Para ditos ministros, deve-se manter a leitura dada ao artigo 52, inciso X, nos moldes de sua concepção, ou seja, o ato de suspensão da execução da lei declarada inconstitucional pelo Supremo é de competência exclusiva do Senado Federal e imprescindível para dotar de eficácia vinculante e erga omnes à decisão de inconstitucionalidade proferida no caso concreto.
Na mesma linha dos Ministros Sepúlveda Pertence e Joaquim Barbosa destaca-se a opinião de Sérgio Sérvulo da Cunha, in verbis:
(...) o fato de que a decisão tenha sido proferida pelo Supremo Tribunal Federal não altera a eficácia subjetiva da sentença, segundo a lei processual de regência.
Atribuir eficácia erga omnes a essa decisão, equivaleria a apagar da Constituição a garantia inscrita em seu art. 5.º, incs.
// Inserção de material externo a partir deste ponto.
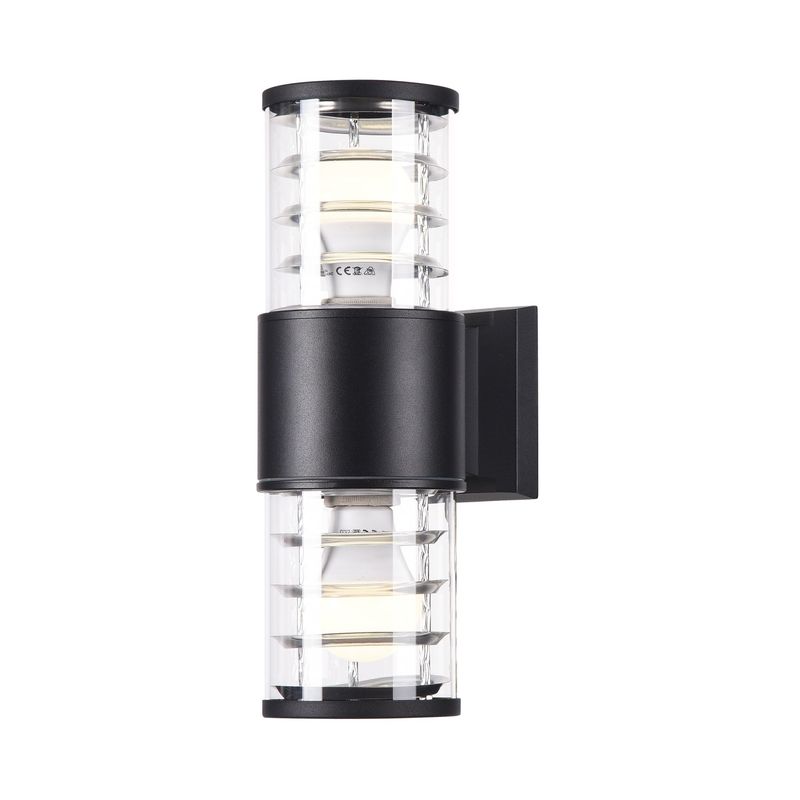 Lampada-Da-Parete-Moderna-Per-Esterno-Alluminio-Nero-2-Luci-E27-60W-Ip54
LIV, LV e XXXV. Isto é impossível sem ruptura da lei magna. A decisão proferida em recurso extraordinário, dessarte, passaria a ter dupla eficácia: a primeira, sua eficácia própria e original, de modificando a sentença, alcançar a esfera de direito das partes, conforme a lei de regência; a segunda, a eficácia extraprocessual geral, superposta à primeira.
Conseqüência de emenda constitucional que conferisse eficácia erga omnes a decisões do Supremo no julgamento de recurso extraordinário seria derrogação tácita do inciso X do art. 52 da Constituição.
Observa-se que os argumentos apresentados pelos defensores da eficácia geral, independente de ato do Senado Federal, pautar-se-iam em princípios da igualdade e da economia processual.